Exact repetition of a range: find the line containing "Maisto Design Elite" and the line containing "동물 어린이 바다 겨울" in the material below, then repeat both and all lines between them, leaving pictures out.

*** ENTRIES SHOWN Section Begins ***

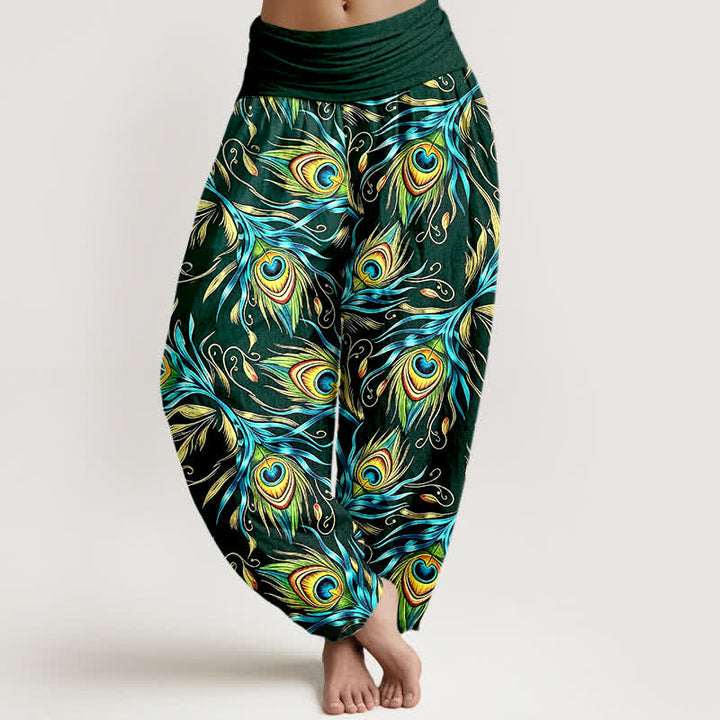 Buddha Stones Pantaloni harem da donna in puro cotone con motivo a piume di pavone e vita elasticizzata. - Verde studentesco - US16, UK/AU20, EU48 (3XL) - image 5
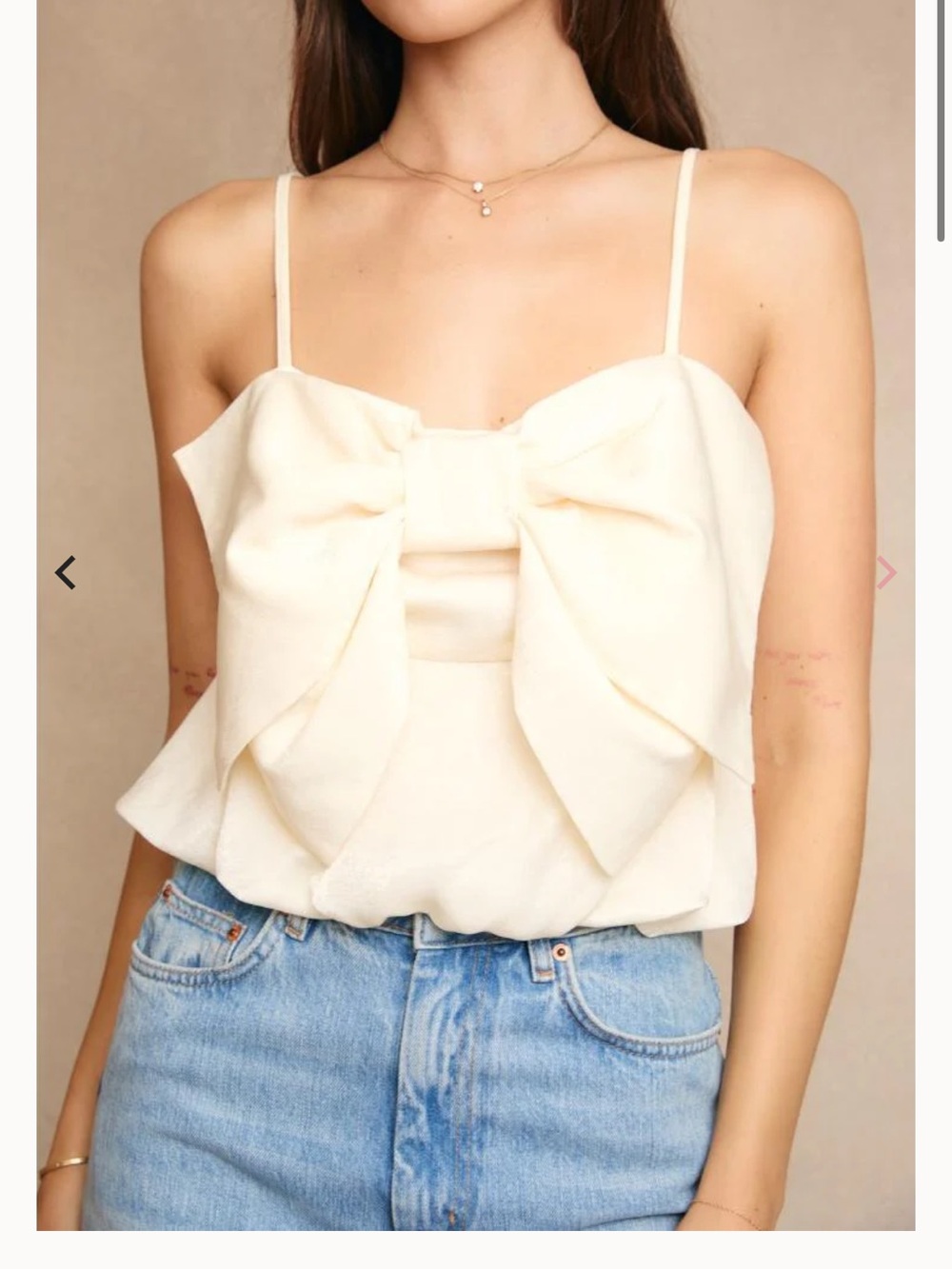Pippa and Pearl Bow Top ivory bubble hem NWT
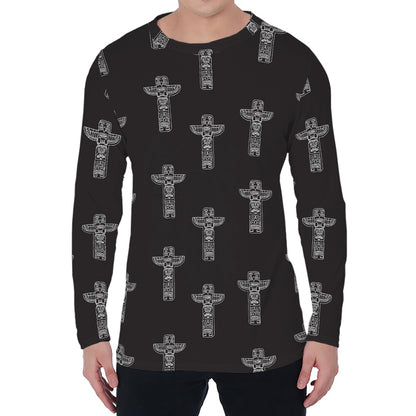 Tribal Totem Pattern Print Men's Long Sleeve T-Shirt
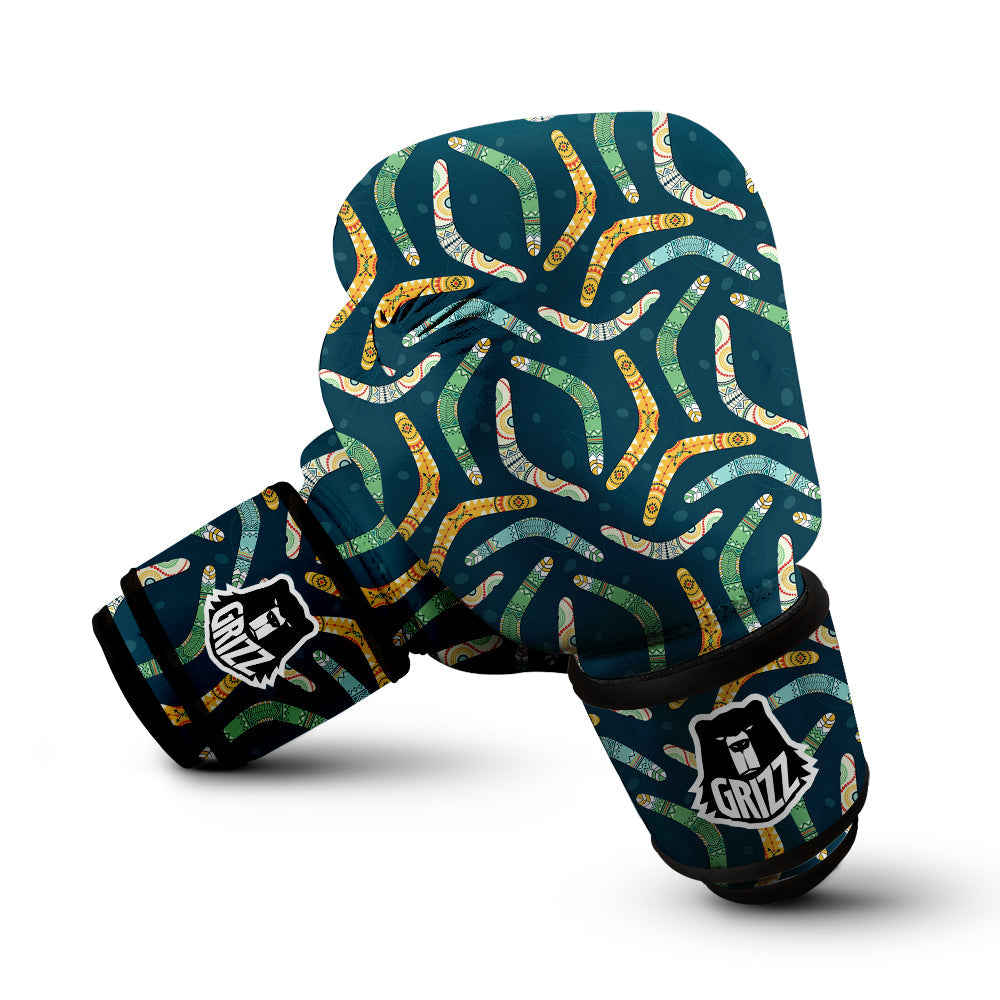 Boomerang Australian Print Pattern Boxing Gloves-grizzshop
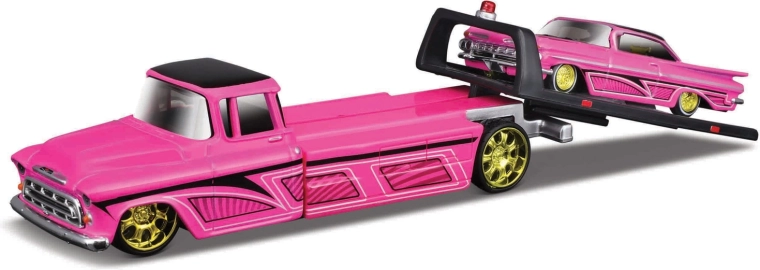 Maisto Design Elite Transport Chevrolet kamion s ravnom platformom i Chevrolet Impala SS 1:64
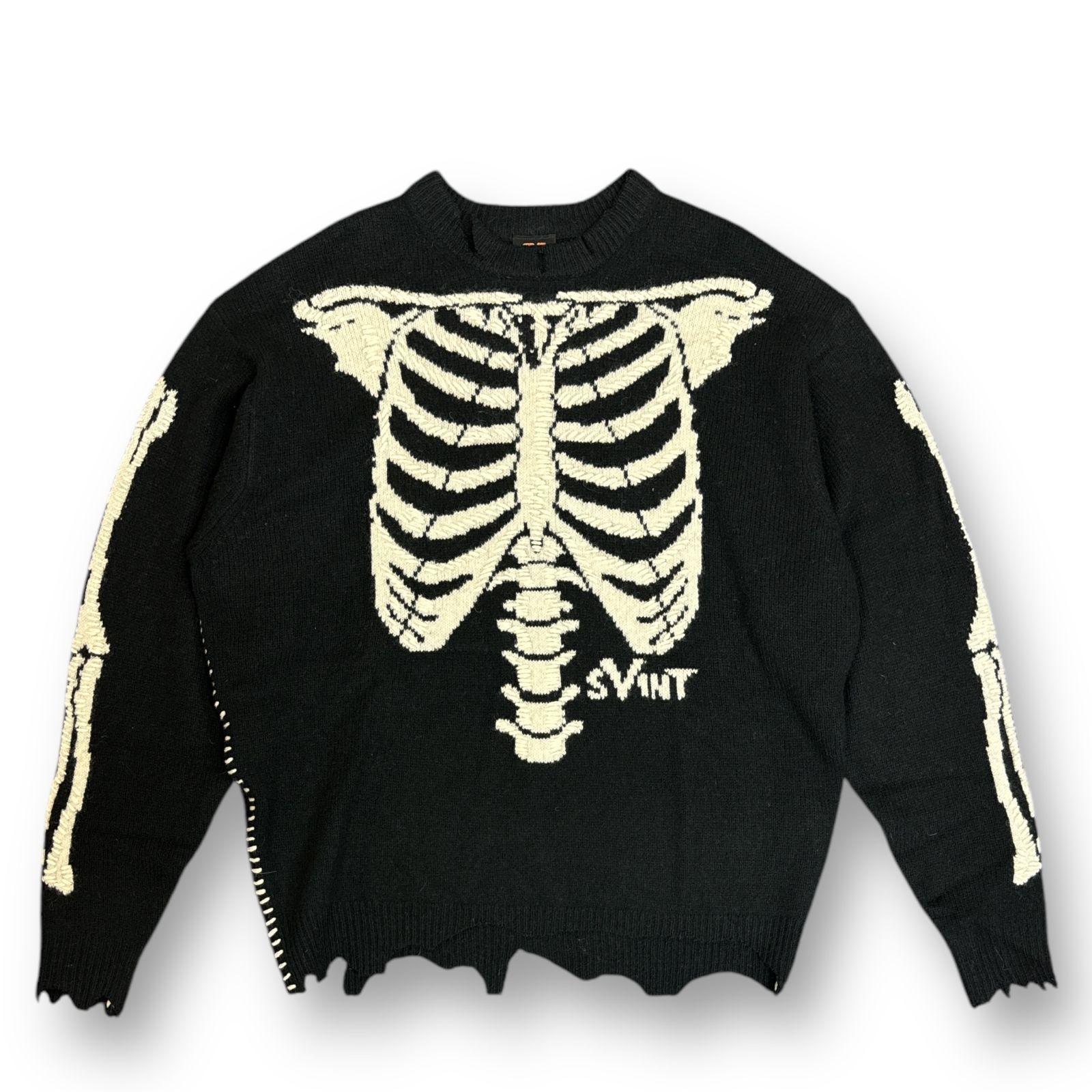 定価55000円 SAINT MICHAEL × Vlone 22AW Bone Knit ボーン スカル 刺繡 ダメージ加工 ニット セーター  セントマイケル ヴィーローン コラボ ブラック M SM-A22-0000-094 70078A7 - メルカリ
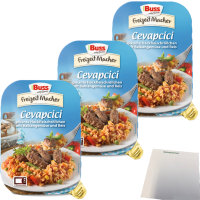 Buss Cevapcici Pikante Hackfleischröllchen mit Balkangemüse und Reis Fertiggericht 3er Pack (3x300g Packung) + usy Block
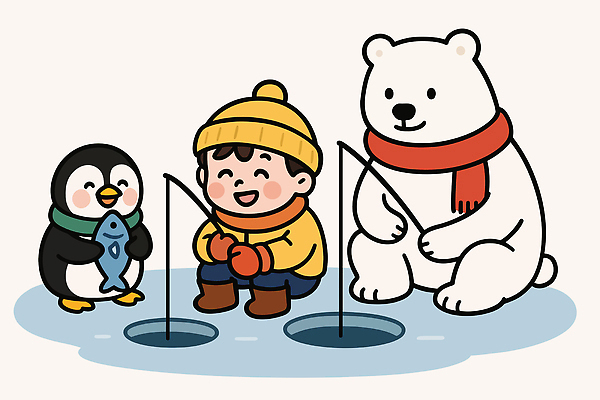 동물 어린이 바다 겨울 일러스트 곰 모션 자연 낚시 따뜻함 어류 웃음 친구 햇빛 얼음 차가움 즐거움 펭귄 색감 국내일러스트 AI파일 자연요소 계절 감정 포유류 관계 조류 레저 표정 사람 태양 수중동물 생태계 파일형식 벡터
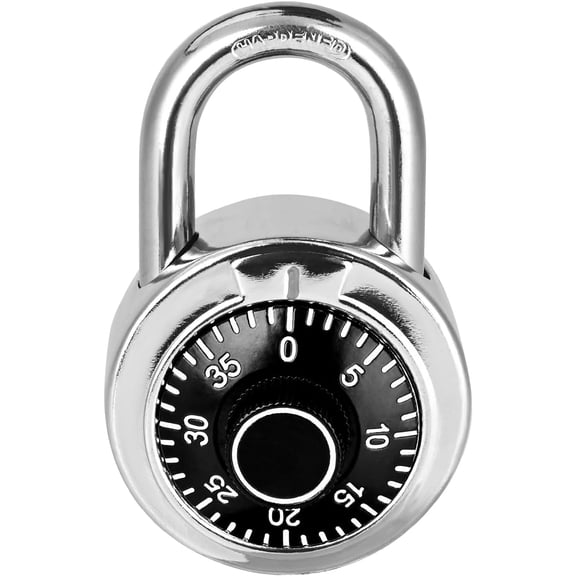 Combination Padlock 1 Pack, Fixed Dial Combination Padlock with Different Combinations, 2 in. Wide. Black Turntable, Lock for Gym & Locker, School, Toolbox, and More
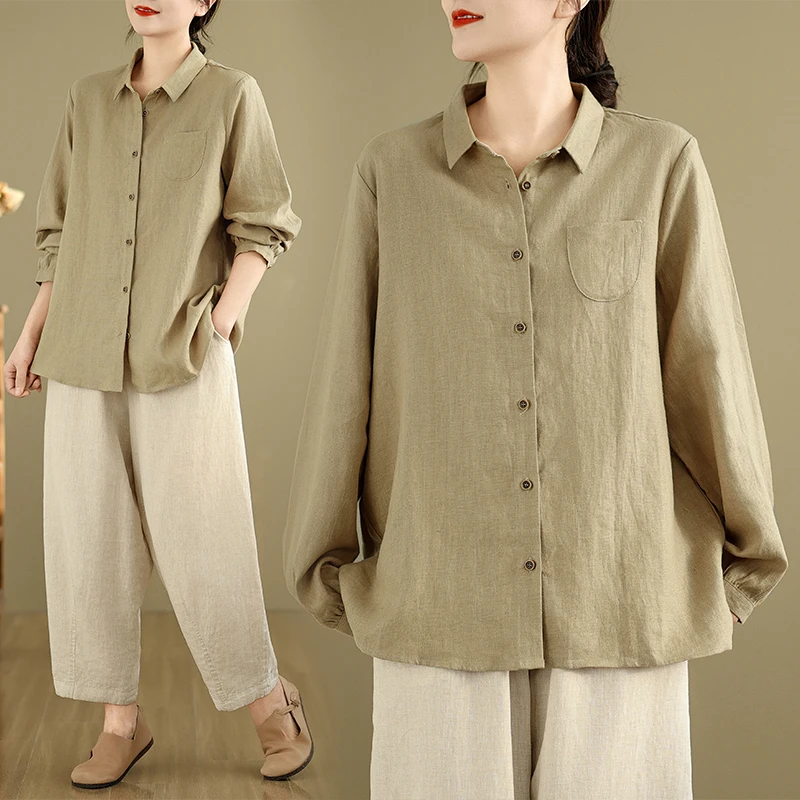 2025春夏新款素旧文艺小小翻领质朴小口袋时尚春秋衬衣棉麻衬衫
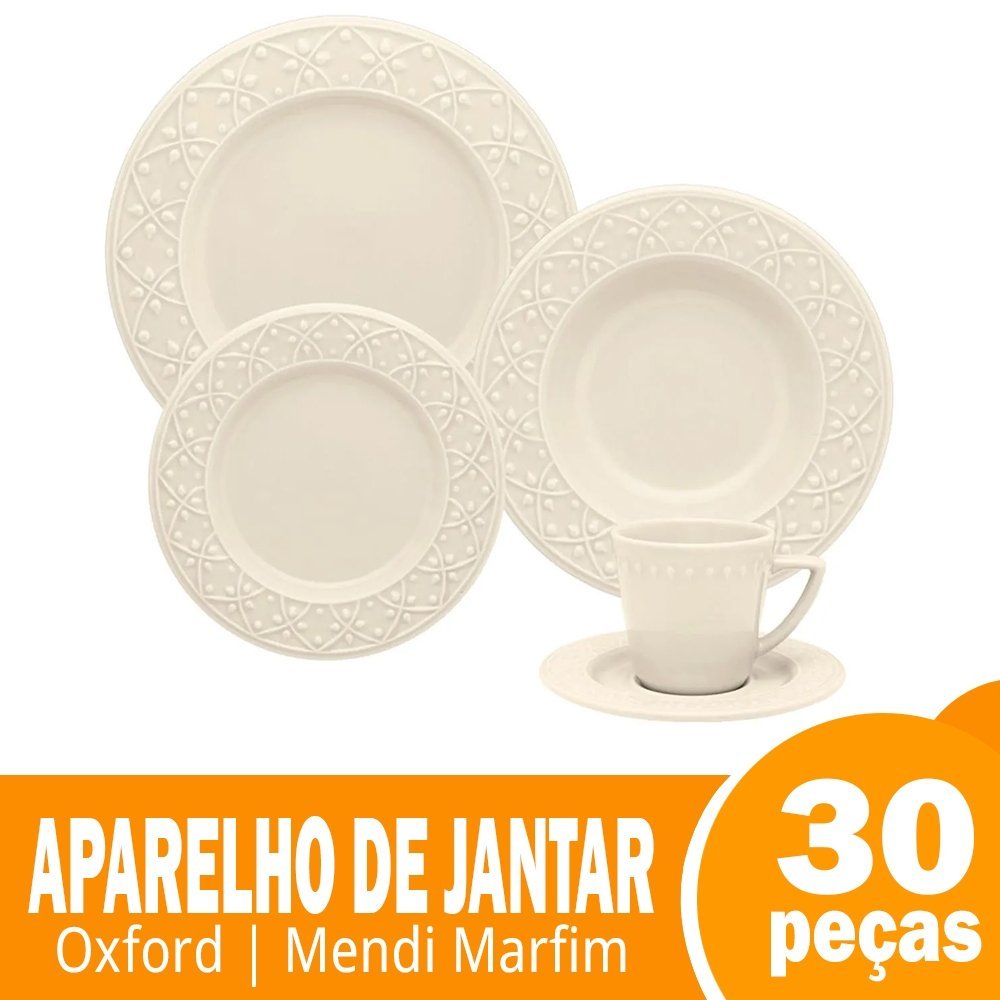 Aparelho de Jantar/Chá Oxford Mendi Marfim 30 Peças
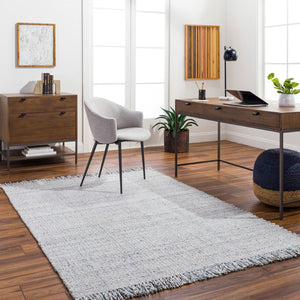 Surya Sara 10' X 14' Handmade Area Rug - Elegant, Durable, Eco-friendly Design With Stylish Fringe Detail Light Slate Recycled Pet Yarn Sru2303-576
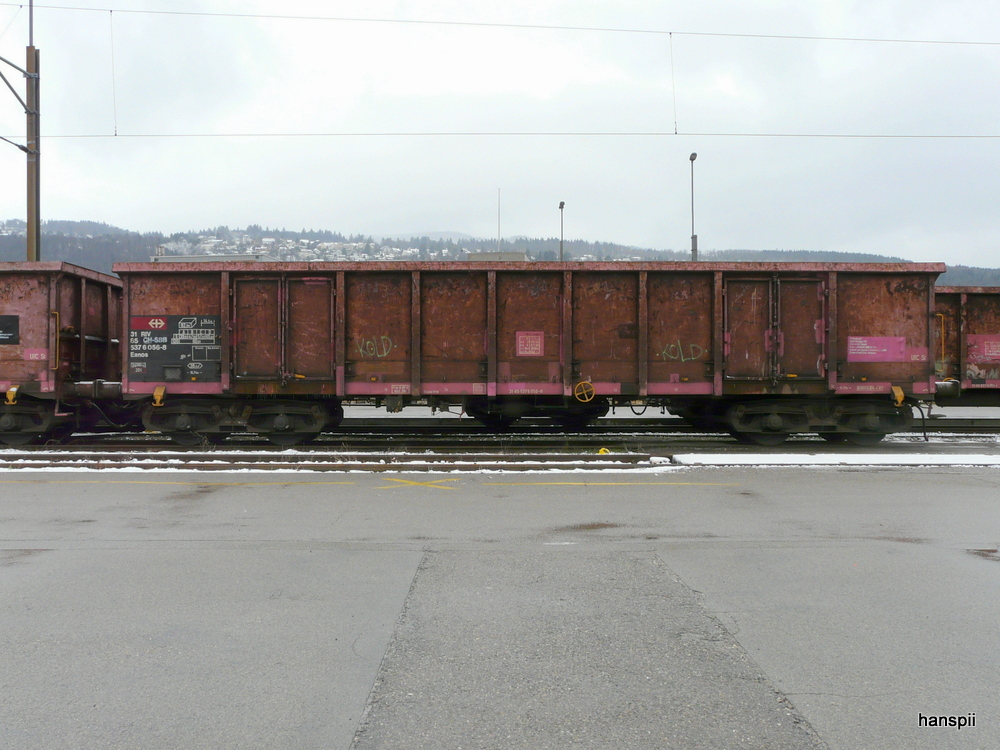 SBB - Gterwagen vom Typ  Eanos 31 85 537 6 056-8 im Gterbahnhof Biel am 03.02.2013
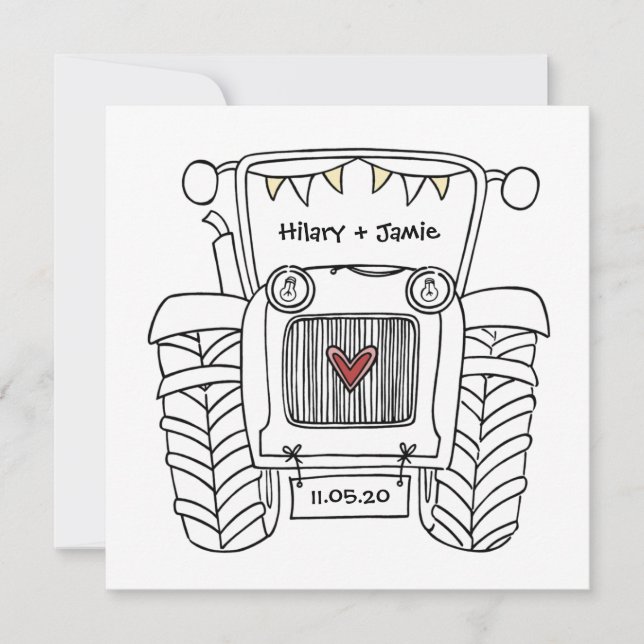 Tractor Country Wedding Evening Reception Invitation (Front)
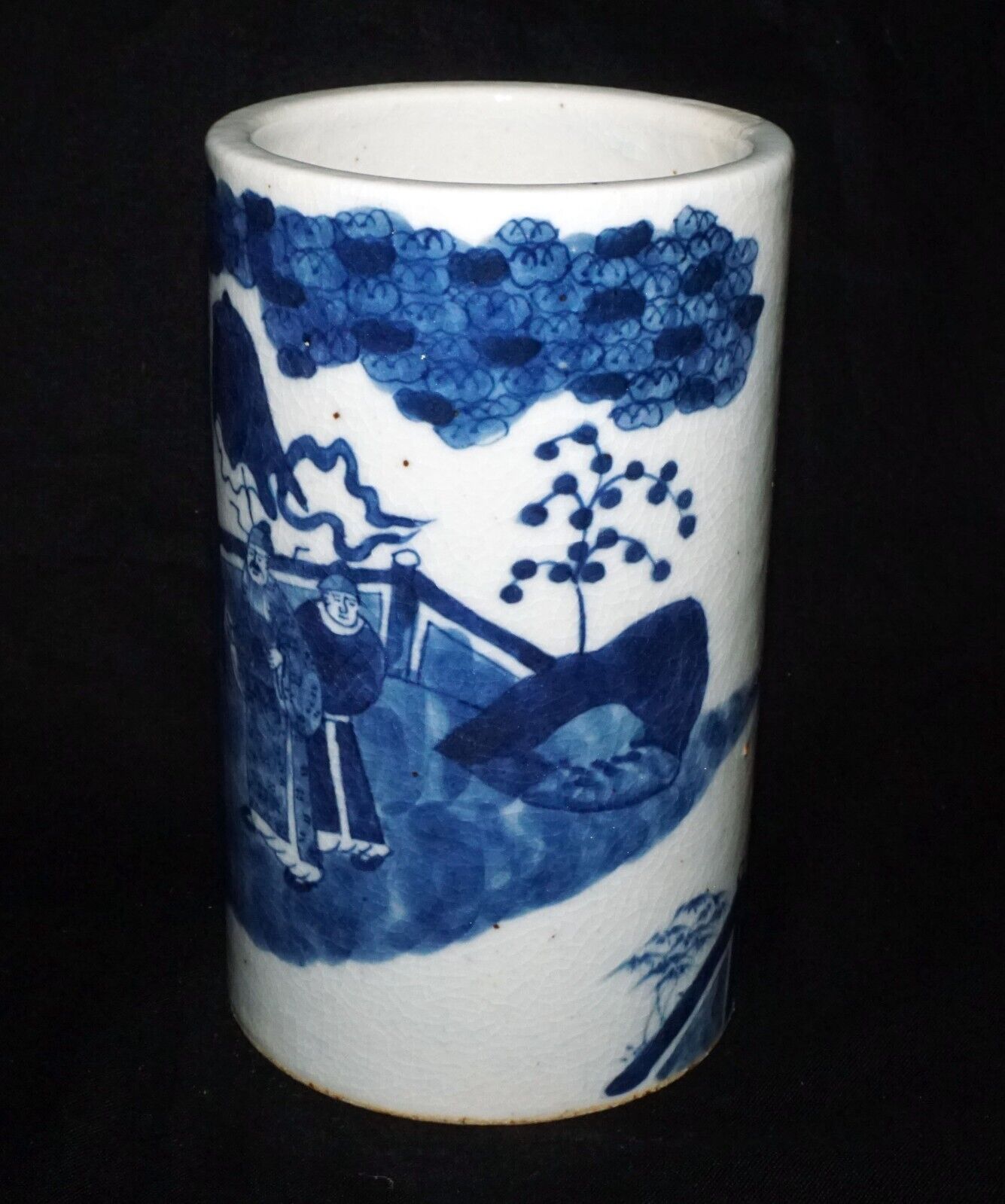 Chinese Blue & White Pottery Brush Pot w. Court-scene w Garden Motif (LeL) IC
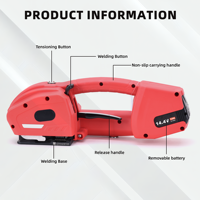 Máquina Flejadora de Plástico a Batería K2, para Flejes de PP/PET de 13-16mm, Tensión Máxima de 3200N, Soldadura por Fricción, 300 Flejes, Inalámbrica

*** ENTRIES SHOWN Section Ends ***

TASK RESULT:
 Maisto Design Elite Transport Chevrolet kamion s ravnom platformom i Chevrolet Impala SS 1:64
 定価55000円 SAINT MICHAEL × Vlone 22AW Bone Knit ボーン スカル 刺繡 ダメージ加工 ニット セーター  セントマイケル ヴィーローン コラボ ブラック M SM-A22-0000-094 70078A7 - メルカリ
 Buss Cevapcici Pikante Hackfleischröllchen mit Balkangemüse und Reis Fertiggericht 3er Pack (3x300g Packung) + usy Block
 동물 어린이 바다 겨울 일러스트 곰 모션 자연 낚시 따뜻함 어류 웃음 친구 햇빛 얼음 차가움 즐거움 펭귄 색감 국내일러스트 AI파일 자연요소 계절 감정 포유류 관계 조류 레저 표정 사람 태양 수중동물 생태계 파일형식 벡터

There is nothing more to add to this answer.